Prep 10 mins
Cook 0 mins
A great summer recipe with a bit of zing to it
- 5 ripe mangoes
- 1 tablespoon fish sauce
- 2 1⁄2 cm ginger, grated
- 3 limes, juice and zest of
- 100 ml grapeseed oil
- 3 red chilies, finely chopped
- 1⁄2 cup basil, roughly chopped
- Peel the mangoes with a vegetable peeler or small sharp knife and then slice the flexh off either side of the stone.
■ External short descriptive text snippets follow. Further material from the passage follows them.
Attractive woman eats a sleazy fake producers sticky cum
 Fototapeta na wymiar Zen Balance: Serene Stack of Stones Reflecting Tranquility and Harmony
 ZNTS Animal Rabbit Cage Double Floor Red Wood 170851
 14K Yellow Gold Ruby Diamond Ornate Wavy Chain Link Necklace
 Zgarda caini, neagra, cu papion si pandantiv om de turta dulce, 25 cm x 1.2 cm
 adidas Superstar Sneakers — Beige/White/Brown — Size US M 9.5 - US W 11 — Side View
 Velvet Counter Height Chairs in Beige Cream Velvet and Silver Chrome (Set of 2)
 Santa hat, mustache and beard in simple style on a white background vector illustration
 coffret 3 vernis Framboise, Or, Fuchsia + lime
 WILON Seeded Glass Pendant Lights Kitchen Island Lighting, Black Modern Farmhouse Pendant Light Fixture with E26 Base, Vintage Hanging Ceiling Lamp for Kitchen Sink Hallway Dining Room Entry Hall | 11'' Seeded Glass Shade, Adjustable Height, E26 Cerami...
- Cut into strips about 1cm thick.
- Put in a bowl.
- Mix together the rest of the ingredients and pour over the mango.
- Toss lightly.
This certainly had a wonderful zing to it. I chopped everything really fine - the orange, red and green looks very attractive. The mangoes were huge, so I just used 3. I added a pinch of salt because I used a bit less fish sauce. I also omitted most of the oil so it turned into a sort of salsa for fish. For North Americans who make this, the red chiles are Thai chiles about 2-3" long available in oriental grocery stores. Red Jalepenos would do, but even better, (because of the even heat) would be Serranos which had turned red. I don't know if this is a seasonal thing , but here in Australia at the end of summer, the red chiles are not packing much of a punch, so even the 3 didn't get it fiery hot. In the USA, I would start with only 1 chile and work up the heat from there.